The C99 draft standard does not explicitly state what should happen in those cases, but by considering multiple variations, you can show that it must work a certain way so that it meets the specification in all cases.

The standard says:

%s - Matches a sequence of non-white-space characters.252)

If no l length modifier is present, the corresponding argument shall be a pointer to the initial element of a character array large enough to accept the sequence and a terminating null character, which will be added automatically.

Here's a pair of examples that show it must work the way you are proposing to meet the standard.

Example A:

char buffer[4] = "abcd";
char buffer2[10];  // Note the this could be placed at what would be buffer+4
sscanf("123 4", "%s %s", buffer, buffer2);
// Result is buffer =  "123\0"
//           buffer2 = "4\0"

Example B:

char buffer[17] = "abcdefghijklmnop";
char* buffer2 = &buffer[4];
sscanf("123 4", "%s %s", buffer, buffer2);
// Result is buffer = "123\04\0"

Note that the interface of sscanf doesn't provide enough information to really know that these were different. So, if Example B is to work properly, it must not mess with the bytes after the null character in Example A. This is because it must work in both cases according to this bit of spec.

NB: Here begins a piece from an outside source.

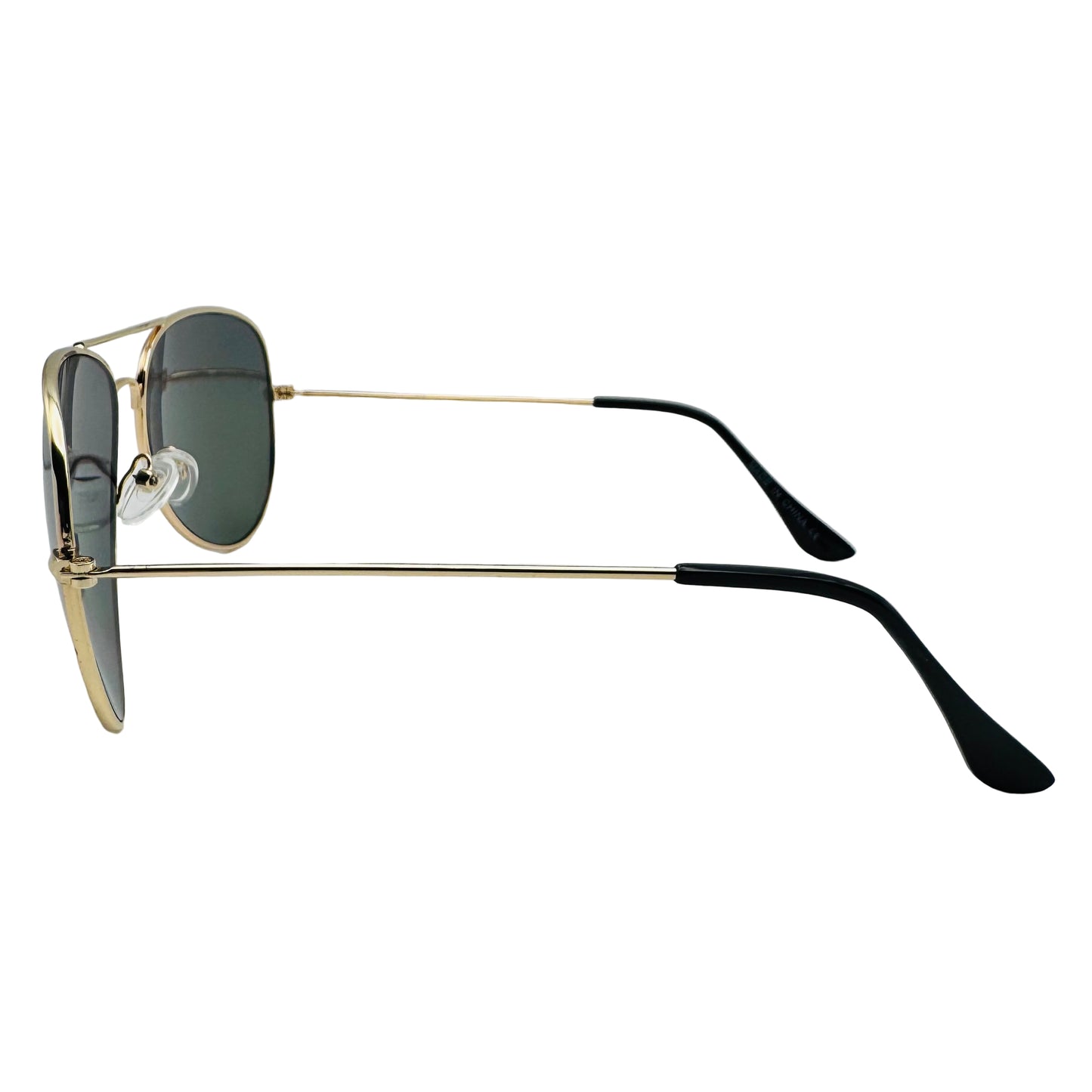 Sunglasses with gold frame and black arms on a light gray background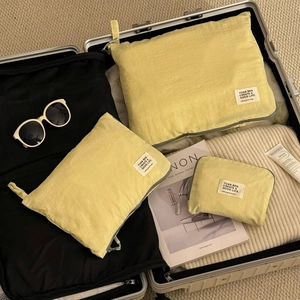 Three-piece light yellow linen texture travel organizers inside a silver suitcase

So implicitly it must work as you stated due to the spec.

Similar arguments can be placed for other functions, but I think you can see the idea from this example.

NOTE: Providing size limits in the format, such as "%16s", could change the behavior. By the specification, it would be functionally acceptable for sscanf to zero out a buffer to its limits before writing the data into the buffer. In practice, most implementations opt for performance, which means they leave the remainder alone.

When the intent of the specification is to do this sort of zeroing out, it is usually explicitly specified. strncpy is an example. If the length of the string is less than the maximum buffer length specified, it will fill the rest of the space with null characters. The fact that this same "string" function could return a non-terminated string as well makes this one of the most common functions for people to roll their own version.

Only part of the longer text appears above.